JohanEngelen commented 2 years ago

It would help a lot if you can dustmite this to a reasonable size. The way to do it: make a shell script that reproduces the issue (several LDC invokes for the individual files, and then a final invoke to link the executable). The idea is to make that script succeed if the issue is reproduced, and fail if it is not. You can use grep to check that the error message is there during linking. Then use dustmite to minimize it automatically (may take a long time, several hours or days). https://github.com/CyberShadow/DustMite/wiki#tutorial

ximion commented 2 years ago

Sorry, I am really drowning in work so I only got to creating a minimized test case now. Please find the dustmite result below. To compile, make sure meson is installed (via your package manager, any Meson version should work fine here) and run DC=ldc2 quickbuild.sh from the source directory (or just build the thing as you would normally compile with meson). I hope this helps :-) gtd-issue4000.reduced.zip

kalev commented 2 years ago

I've been holding back LDC updates in Fedora because of this issue, for what it's worth.

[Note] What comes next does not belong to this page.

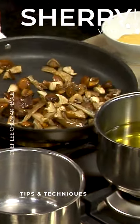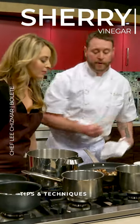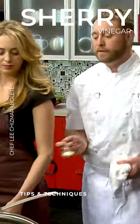As we're getting closer, I'm starting to get some really nice color. One of the things we'll do once we have that color is we always finish mushrooms with just a touch of butter. So I'm just going to add this in here.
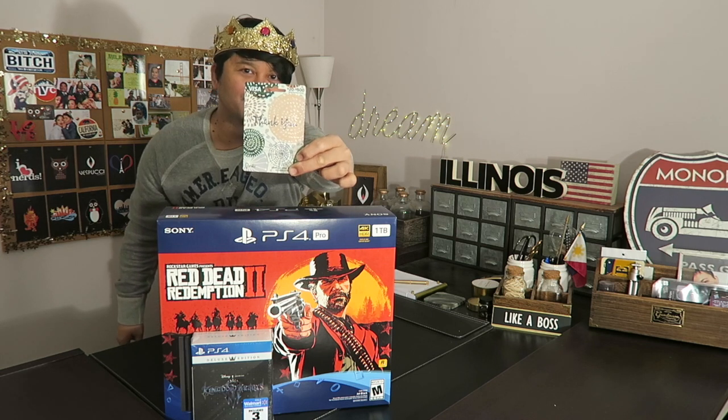I just want to do something different — I've never done anything like this before, but I'm going to do an unboxing for you. I won a $500 gift card back in December, and I decided to get a PS4 Pro. I purchased one that comes with Red Dead Redemption 2. With the gift card I also bought Kingdom Hearts 3, the newest one. I heard it's a good game, so why not?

kinke commented 2 years ago

Well fighting with missing symbols is unfortunately a constant pain with D, especially with separate compilation. Most of the time, -allinst now suffices to fix those. These are (old and tricky) frontend bugs, not LDC specific; in fact, I see much more missing symbols with DMD than LDC (probably caused by different TypeInfo emission strategies). So I'm afraid this is very likely not going to be fixed anytime soon.

kalev commented 2 years ago

Oh, indeed, that nicely works around the build issue. Thanks, @kinke!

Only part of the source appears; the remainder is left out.